Hidrelétricas na Amazônia podem prejudicar ecossistema

Folhapress

REINALDO JOSÉ LOPES
SÃO PAULO, SP (FOLHAPRESS) – Se forem em frente os atuais planos de construir centenas de hidrelétricas na Amazônia nas próximas décadas, o efeito dominó sobre a bacia amazônica será imenso: menos nutrientes para peixes e floresta, litoral menos produtivo e possíveis alterações climáticas que alcançariam até a América do Norte.
O prognóstico negativo vem da primeira análise integrada do impacto das usinas no maior rio do mundo, conduzida por uma equipe internacional de pesquisadores e publicada na revista “Nature”.
O grupo formulou um índice de vulnerabilidade dos rios amazônicos diante das obras atuais e futuras e concluiu que dois importantes afluentes que atravessam o território brasileiro, o Madeira e o Tapajós, estão entre os que mais sofrerão (e, aliás, já estão sofrendo) com as hidrelétricas.
Para o coordenador do estudo, o geólogo argentino Edgardo Latrubesse, da Universidade do Texas, não se trata de impedir a geração de energia na região, mas de levar em conta os impactos e pensar em modelos alternativos.
“O plano de energia tem de ser um componente a mais do manejo integrado da bacia, não algo imposto de cima, que obriga todo mundo a correr atrás dos problemas gerados por essa imposição”, diz Latrubesse.
A medida criada pelos pesquisadores, Devi (“índice de vulnerabilidade ambiental a represas”, na sigla em inglês), leva em conta fatores como a fragilidade de cada rio em relação a mudanças no uso do solo em seu entorno (desmatamento, por exemplo), a quantidade de sedimentos normalmente carregados por certo rio e a proporção do curso do rio a ser afetada por uma nova usina.
A área do Madeira é classificada como a mais vulnerável não só pela construção de duas hidrelétricas de grande porte (as de Santo Antônio e Jirau, em Rondônia) nos últimos anos, mas também pelos projetos de usinas antes de o rio chegar ao Brasil, do lado da Bolívia, rumo aos Andes.
É algo importante porque a bacia do Madeira recebe as águas ricas em sedimentos e nutrientes vindas do território andino e as passa adiante. As grandes usinas, porém, retêm esses sedimentos -observações de satélite analisadas pela equipe mostram, por exemplo, que a construção de Santo Antônio e de Jirau diminuiu em 20% a concentração de sedimentos suspensos no Madeira. O efeito deverá ser maior com a multiplicação de usinas rio acima.

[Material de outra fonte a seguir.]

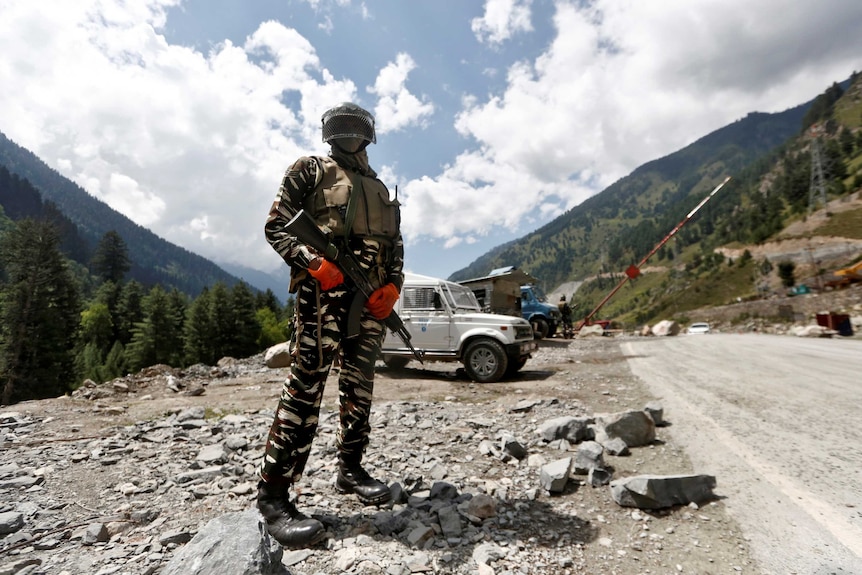 Мужчина в армейской форме стоит перед джипом и горами.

No caso do rio Tapajós, o principal temor está ligado ao grande número de empreendimentos hidrelétricos (90 planejados mais 28 já em funcionamento), bem como a fatores como a falta de áreas protegidas nas margens.
Podem acontecer efeitos negativos nos maiores manguezais ainda intactos na América do Sul, que ficam justamente na costa amazônica. “Além disso, há estudos indicando que a pluma de sedimentos trazidos pelo Amazonas regula a temperatura de superfície do oceano na região e, com isso, influencia as chuvas no Caribe, na América Central e no sul dos EUA. O problema é global”, resume o geólogo.
Os pesquisadores propõem que só uma gestão integrada e transnacional dos rios amazônicos será capaz de evitar o mau uso desses recursos. Para isso, o órgão ideal seria a Organização do Tratado de Cooperação Amazônica, que já reúne os países cujo território integra o bioma.